━━━━━ DATA PROVIDED

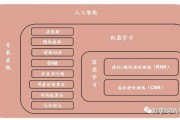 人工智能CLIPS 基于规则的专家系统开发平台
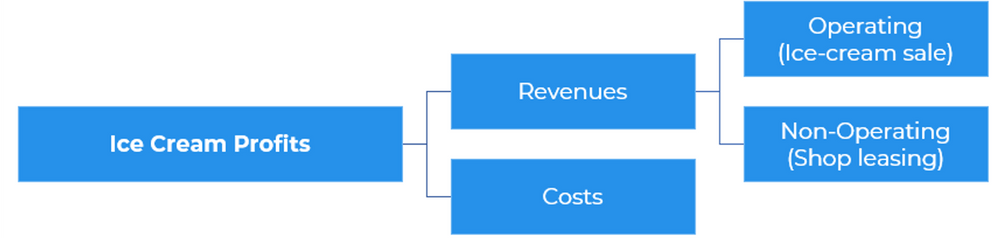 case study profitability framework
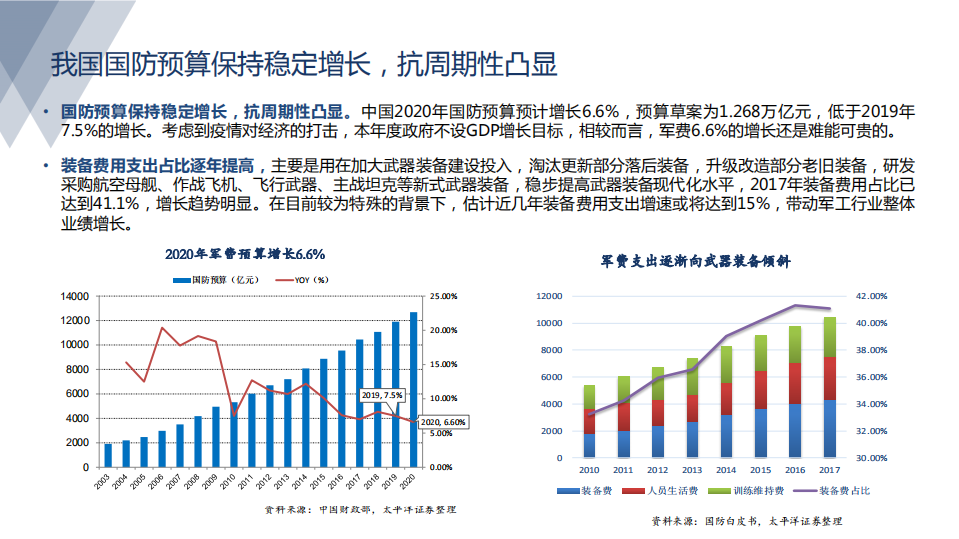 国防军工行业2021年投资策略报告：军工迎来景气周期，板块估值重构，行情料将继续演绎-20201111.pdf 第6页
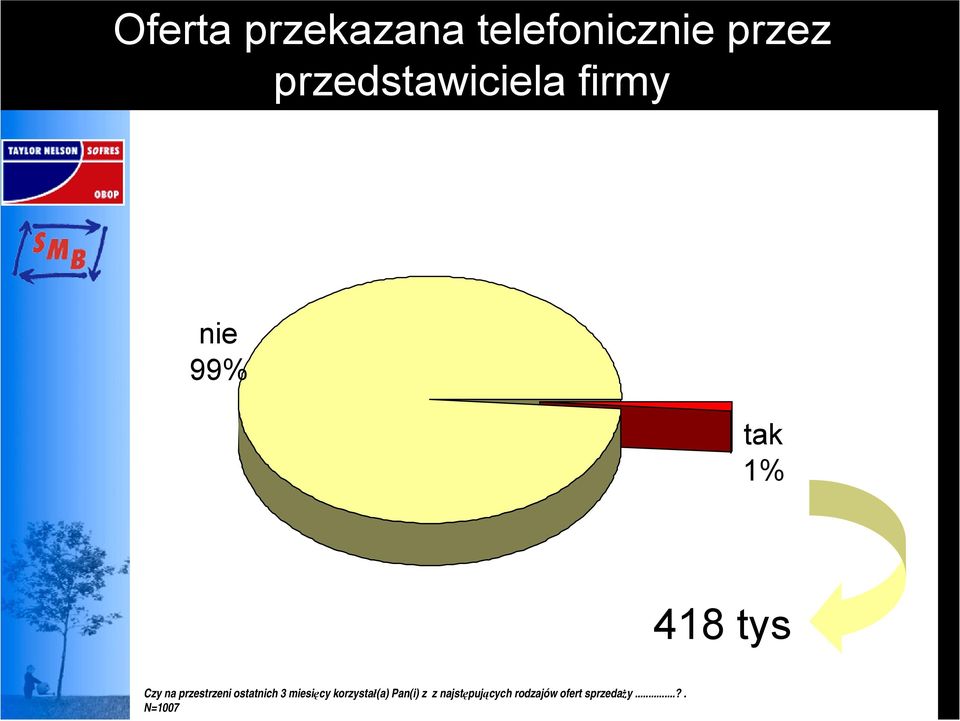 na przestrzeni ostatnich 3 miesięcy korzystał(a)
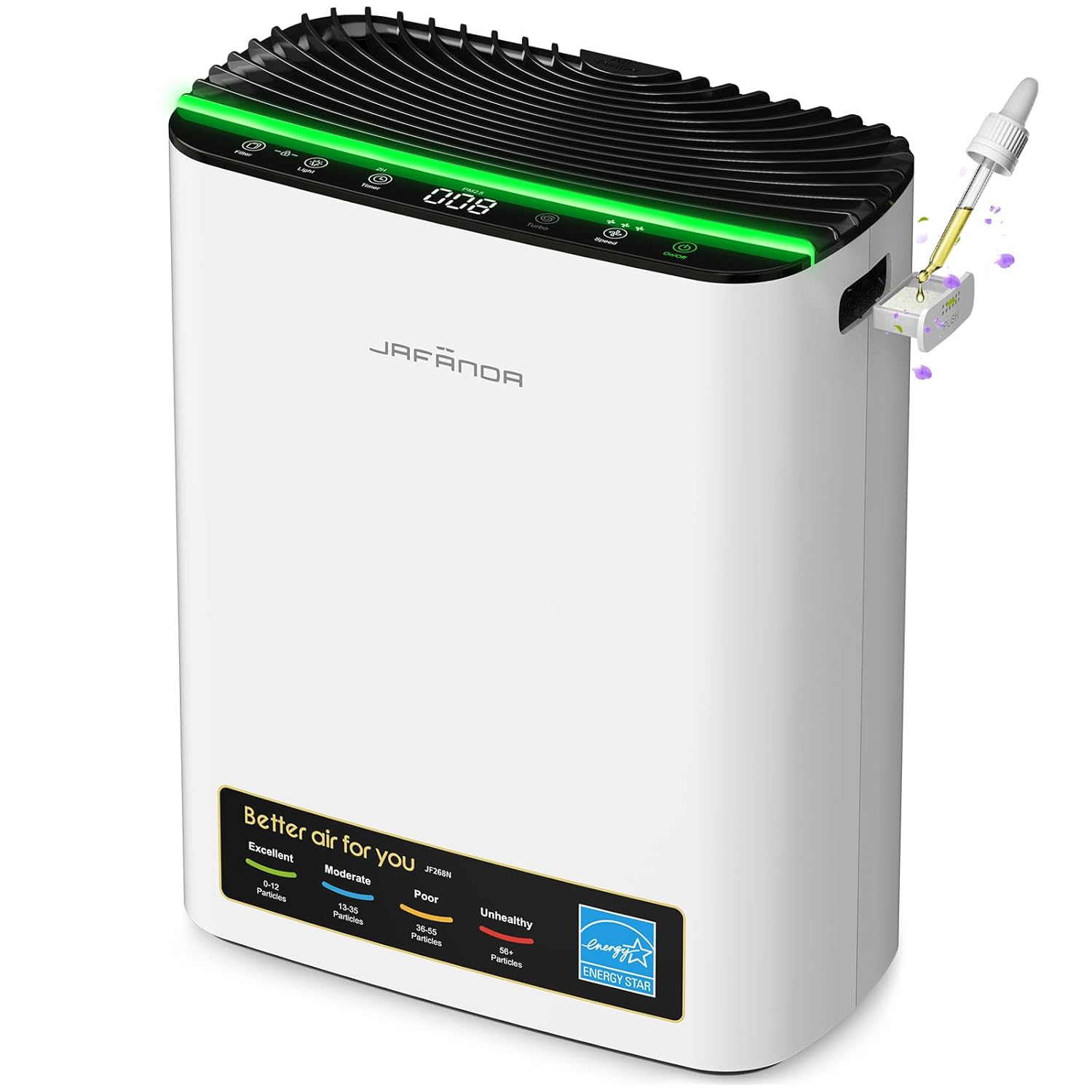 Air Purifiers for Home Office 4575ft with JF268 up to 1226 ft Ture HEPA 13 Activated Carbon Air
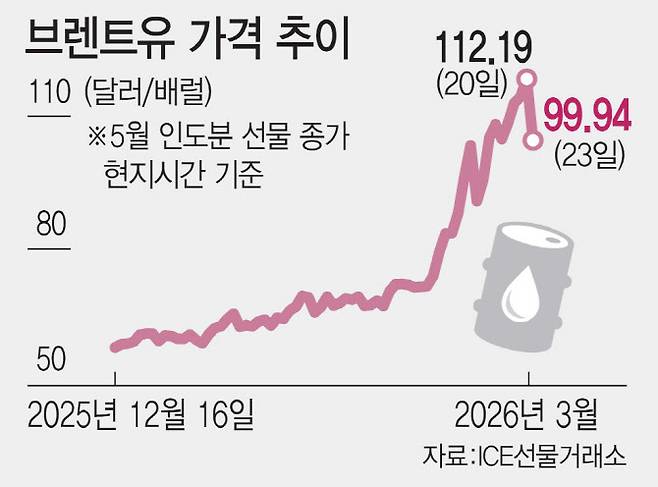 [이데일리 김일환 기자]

━━━━━━━━━━

YOUR OBJECTIVE
Reproduce the final stretch of lines exactly: the line containing "na przestrzeni ostatnich" through the last line of the data, both included. Pictures do not belong in the copy.

EXPECTED ANSWER
 na przestrzeni ostatnich 3 miesięcy korzystał(a)
 Air Purifiers for Home Office 4575ft with JF268 up to 1226 ft Ture HEPA 13 Activated Carbon Air
 [이데일리 김일환 기자]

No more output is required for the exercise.